DOCTRINA SOCIAL DE LA IGLESIA


CAPÍTULO QUINTO
LA FAMILIA CÉLULA VITAL DE LA SOCIEDAD

III. LA SUBJETIVIDAD SOCIAL DE LA FAMILIA



a) El amor y la formación de la comunidad de personas

223 El ser humano ha sido creado para amar y no puede vivir sin amor. El amor, cuando se manifiesta en el don total de dos personas en su complementariedad, no puede limitarse a emociones o sentimientos, y mucho menos a la mera expresión sexual. Una sociedad que tiende a relativizar y a banalizar cada vez más la experiencia del amor y de la sexualidad, exalta los aspectos efímeros de la vida y oscurece los valores fundamentales. Se hace más urgente que nunca anunciar y testimoniar que la verdad del amor y de la sexualidad conyugal se encuentra allí donde se realiza la entrega plena y total de las personas con las características de la unidad y de la fidelidad. Esta verdad, fuente de alegría, esperanza y vida, resulta impenetrable e inalcanzable mientras se permanezca encerrados en el relativismo y en el escepticismo.

224 En relación a las teorías que consideran la identidad de género como un mero producto cultural y social derivado de la interacción entre la comunidad y el individuo, con independencia de la identidad sexual personal y del verdadero significado de la sexualidad, la Iglesia no se cansará de ofrecer la propia enseñanza: « Corresponde a cada uno, hombre y mujer, reconocer y aceptar su identidad sexual.
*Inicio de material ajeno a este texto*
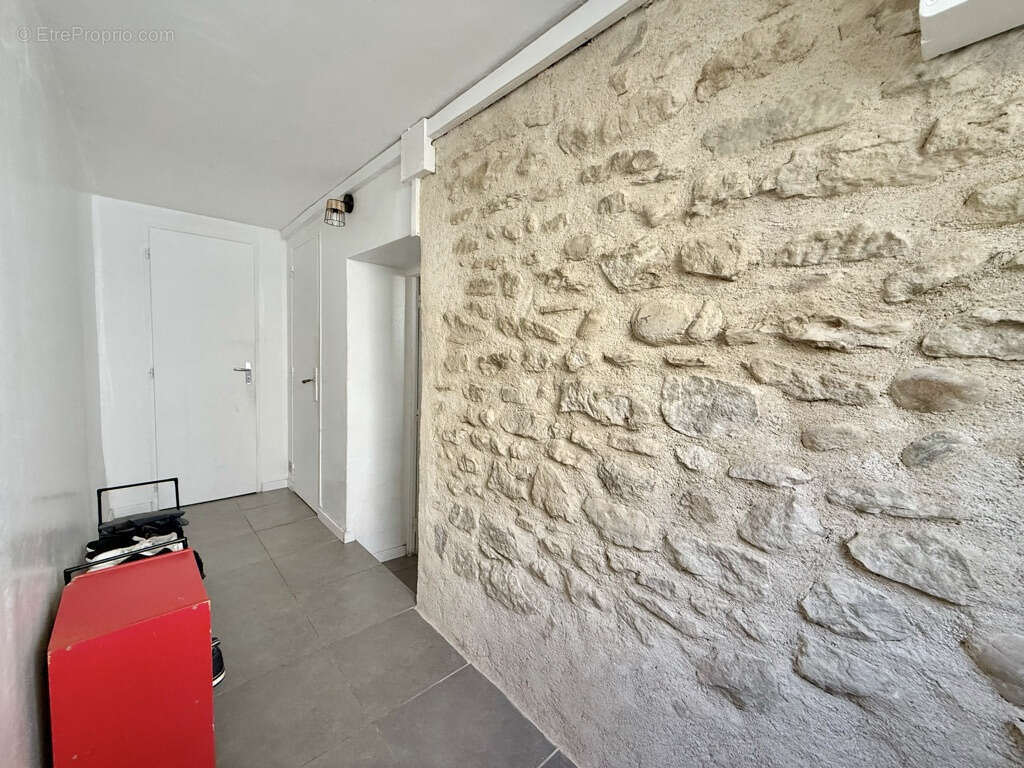 Appartement à MOURS-SAINT-EUSEBE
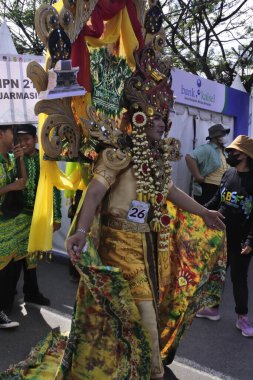 Banjarmasin, Güney Kalimantan, Endonezya - 01 Ekim 2022: Dayak ve Sasirangan modası, Güney Kalimantan eyalet hükümetinin düzenlediği kültür festivali karnavalında sahnelendi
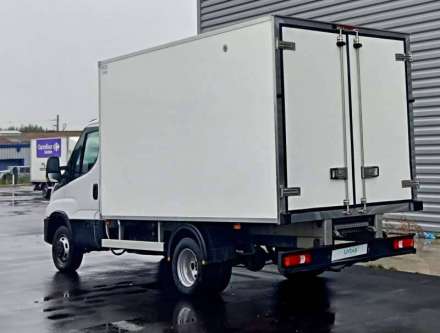 Iveco Daily Chassis Cabine FRIGO POSITIF/NEGATIF 12M3 160 CV RJ 3,5 T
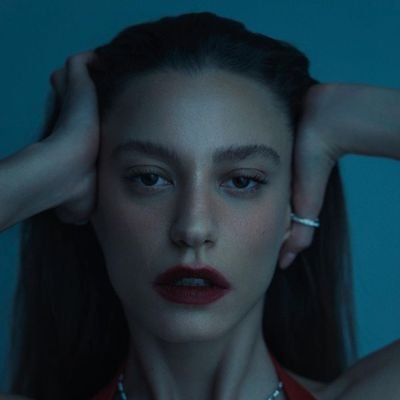 Serenay Sarıkaya hakkında en son haberler, fotoğraflar,videolar ve daha fazlası!
All the latest @SrnySrkyResmi  news,photos,videos and more.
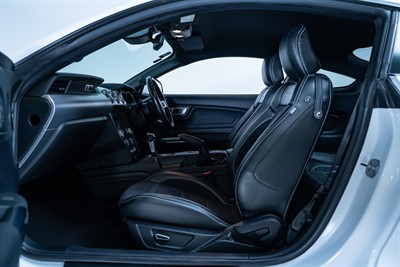 2019 Ford Mustang - Thumbnail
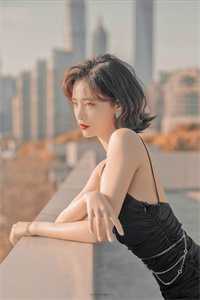 夏衍夏月《变成女生好像也不咋地》_变成女生好像也不咋地全章节免费阅读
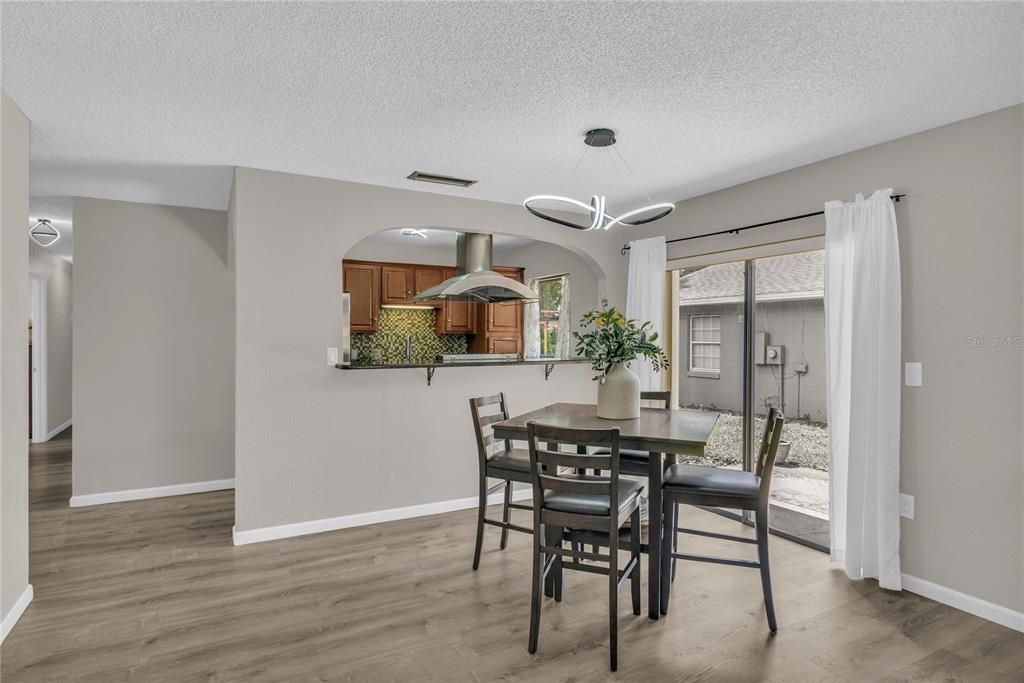 For Sale: $377,000 (3 beds, 2 baths, 1320 Square Feet)
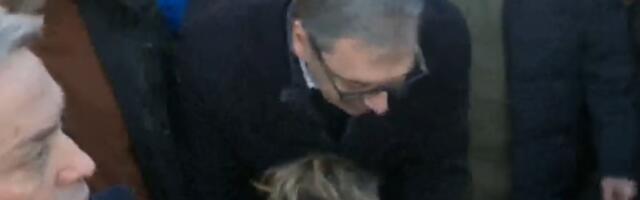 PREDSEDNIK SA GRAĐANIMA! Vučić na novogodišnjem bazaru ispred Skupštine, građani uzvikuju: "Najbolji ste predsedniče!" (VIDEO)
La diferencia y la complementariedad físicas, morales y espirituales, están orientadas a los bienes del matrimonio y al desarrollo de la vida familiar. La armonía de la pareja humana y de la sociedad depende en parte de la manera en que son vividas entre los sexos la complementariedad, la necesidad y el apoyo mutuos ». Esta perspectiva lleva a considerar necesaria la adecuación del derecho positivo a la ley natural, según la cual la identidad sexual es indiscutible, porque es la condición objetiva para formar una pareja en el matrimonio.

lunes, 11 de mayo de 2020

DOCTRINA SOCIAL DE LA IGLESIA


CAPÍTULO QUINTO
LA FAMILIA CÉLULA VITAL DE LA SOCIEDAD

III. LA SUBJETIVIDAD SOCIAL DE LA FAMILIA



a) El amor y la formación de la comunidad de personas

222 El amor se expresa también mediante la atención esmerada de los ancianos que viven en la familia: su presencia supone un gran valor. Son un ejemplo de vinculación entre generaciones, un recurso para el bienestar de la familia y de toda la sociedad: « No sólo pueden dar testimonio de que hay aspectos de la vida, como los valores humanos y culturales, morales y sociales, que no se miden en términos económicos o funcionales, sino ofrecer también una aportación eficaz en el ámbito laboral y en el de la responsabilidad. Se trata, en fin, no sólo de hacer algo por los ancianos, sino de aceptar también a estas personas como colaboradores responsables, con modalidades que lo hagan realmente posible, como agentes de proyectos compartidos, bien en fase de programación, de diálogo o de actuación ». Como dice la Sagrada Escritura, las personas « todavía en la vejez tienen fruto » (Sal 92,15). Los ancianos constituyen una importante escuela de vida, capaz de transmitir valores y tradiciones y de favorecer el crecimiento de los más jóvenes: estos aprenden así a buscar no sólo el propio bien, sino también el de los demás. Si los ancianos se hallan en una situación de sufrimiento y dependencia, no sólo necesitan cuidados médicos y asistencia adecuada, sino, sobre todo, ser tratados con amor.

lunes, 4 de mayo de 2020

DOCTRINA SOCIAL DE LA IGLESIA


CAPÍTULO QUINTO
LA FAMILIA CÉLULA VITAL DE LA SOCIEDAD

III. LA SUBJETIVIDAD SOCIAL DE LA FAMILIA



a) El amor y la formación de la comunidad de personas

221 La familia se presenta como espacio de comunión —tan necesaria en una sociedad cada vez más individualista—, que debe desarrollarse como una auténtica comunidad de personas gracias al incesante dinamismo del amor, dimensión fundamental de la experiencia humana, cuyo lugar privilegiado para manifestarse es precisamente la familia: « El amor hace que el hombre se realice mediante la entrega sincera de sí mismo. Amar significa dar y recibir lo que no se puede comprar ni vender, sino sólo regalar libre y recíprocamente ».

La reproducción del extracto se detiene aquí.